*** Opening Entries supplied ***

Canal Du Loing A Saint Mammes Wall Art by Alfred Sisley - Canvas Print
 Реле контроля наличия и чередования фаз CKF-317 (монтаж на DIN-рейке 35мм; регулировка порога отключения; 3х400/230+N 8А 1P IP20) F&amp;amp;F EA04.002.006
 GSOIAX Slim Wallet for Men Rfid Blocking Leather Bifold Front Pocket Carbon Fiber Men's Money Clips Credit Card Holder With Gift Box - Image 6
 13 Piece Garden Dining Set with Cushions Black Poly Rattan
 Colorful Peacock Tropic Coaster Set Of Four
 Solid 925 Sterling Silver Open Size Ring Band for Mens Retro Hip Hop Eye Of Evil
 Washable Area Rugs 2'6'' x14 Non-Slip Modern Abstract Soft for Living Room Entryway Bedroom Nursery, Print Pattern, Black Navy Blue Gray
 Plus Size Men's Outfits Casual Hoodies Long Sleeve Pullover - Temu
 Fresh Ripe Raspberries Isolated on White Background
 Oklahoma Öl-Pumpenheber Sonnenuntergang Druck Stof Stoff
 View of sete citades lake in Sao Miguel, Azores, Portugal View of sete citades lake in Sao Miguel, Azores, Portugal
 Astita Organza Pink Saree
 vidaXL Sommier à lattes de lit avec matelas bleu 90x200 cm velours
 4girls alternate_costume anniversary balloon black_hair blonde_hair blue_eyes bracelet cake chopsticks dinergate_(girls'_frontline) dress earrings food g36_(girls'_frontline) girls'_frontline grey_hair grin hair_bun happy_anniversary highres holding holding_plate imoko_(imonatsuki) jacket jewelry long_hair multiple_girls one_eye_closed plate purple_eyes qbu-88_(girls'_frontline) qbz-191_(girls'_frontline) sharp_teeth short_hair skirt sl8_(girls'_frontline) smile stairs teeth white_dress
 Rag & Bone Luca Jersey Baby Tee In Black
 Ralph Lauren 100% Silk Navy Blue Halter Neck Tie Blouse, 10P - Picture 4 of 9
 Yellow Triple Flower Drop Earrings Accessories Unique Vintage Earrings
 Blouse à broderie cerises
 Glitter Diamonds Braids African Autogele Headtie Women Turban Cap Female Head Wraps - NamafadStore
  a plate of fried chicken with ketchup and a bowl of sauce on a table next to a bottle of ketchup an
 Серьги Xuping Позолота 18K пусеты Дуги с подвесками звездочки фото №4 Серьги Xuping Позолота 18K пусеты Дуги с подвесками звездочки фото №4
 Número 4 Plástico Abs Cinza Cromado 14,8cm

*** Closing Entries supplied ***

**Task brief**
Each record above needs to be reproduced exactly as written.

**Problem solution**
Canal Du Loing A Saint Mammes Wall Art by Alfred Sisley - Canvas Print
 Реле контроля наличия и чередования фаз CKF-317 (монтаж на DIN-рейке 35мм; регулировка порога отключения; 3х400/230+N 8А 1P IP20) F&amp;amp;F EA04.002.006
 GSOIAX Slim Wallet for Men Rfid Blocking Leather Bifold Front Pocket Carbon Fiber Men's Money Clips Credit Card Holder With Gift Box - Image 6
 13 Piece Garden Dining Set with Cushions Black Poly Rattan
 Colorful Peacock Tropic Coaster Set Of Four
 Solid 925 Sterling Silver Open Size Ring Band for Mens Retro Hip Hop Eye Of Evil
 Washable Area Rugs 2'6'' x14 Non-Slip Modern Abstract Soft for Living Room Entryway Bedroom Nursery, Print Pattern, Black Navy Blue Gray
 Plus Size Men's Outfits Casual Hoodies Long Sleeve Pullover - Temu
 Fresh Ripe Raspberries Isolated on White Background
 Oklahoma Öl-Pumpenheber Sonnenuntergang Druck Stof Stoff
 View of sete citades lake in Sao Miguel, Azores, Portugal View of sete citades lake in Sao Miguel, Azores, Portugal
 Astita Organza Pink Saree
 vidaXL Sommier à lattes de lit avec matelas bleu 90x200 cm velours
 4girls alternate_costume anniversary balloon black_hair blonde_hair blue_eyes bracelet cake chopsticks dinergate_(girls'_frontline) dress earrings food g36_(girls'_frontline) girls'_frontline grey_hair grin hair_bun happy_anniversary highres holding holding_plate imoko_(imonatsuki) jacket jewelry long_hair multiple_girls one_eye_closed plate purple_eyes qbu-88_(girls'_frontline) qbz-191_(girls'_frontline) sharp_teeth short_hair skirt sl8_(girls'_frontline) smile stairs teeth white_dress
 Rag & Bone Luca Jersey Baby Tee In Black
 Ralph Lauren 100% Silk Navy Blue Halter Neck Tie Blouse, 10P - Picture 4 of 9
 Yellow Triple Flower Drop Earrings Accessories Unique Vintage Earrings
 Blouse à broderie cerises
 Glitter Diamonds Braids African Autogele Headtie Women Turban Cap Female Head Wraps - NamafadStore
  a plate of fried chicken with ketchup and a bowl of sauce on a table next to a bottle of ketchup an
 Серьги Xuping Позолота 18K пусеты Дуги с подвесками звездочки фото №4 Серьги Xuping Позолота 18K пусеты Дуги с подвесками звездочки фото №4
 Número 4 Plástico Abs Cinza Cromado 14,8cm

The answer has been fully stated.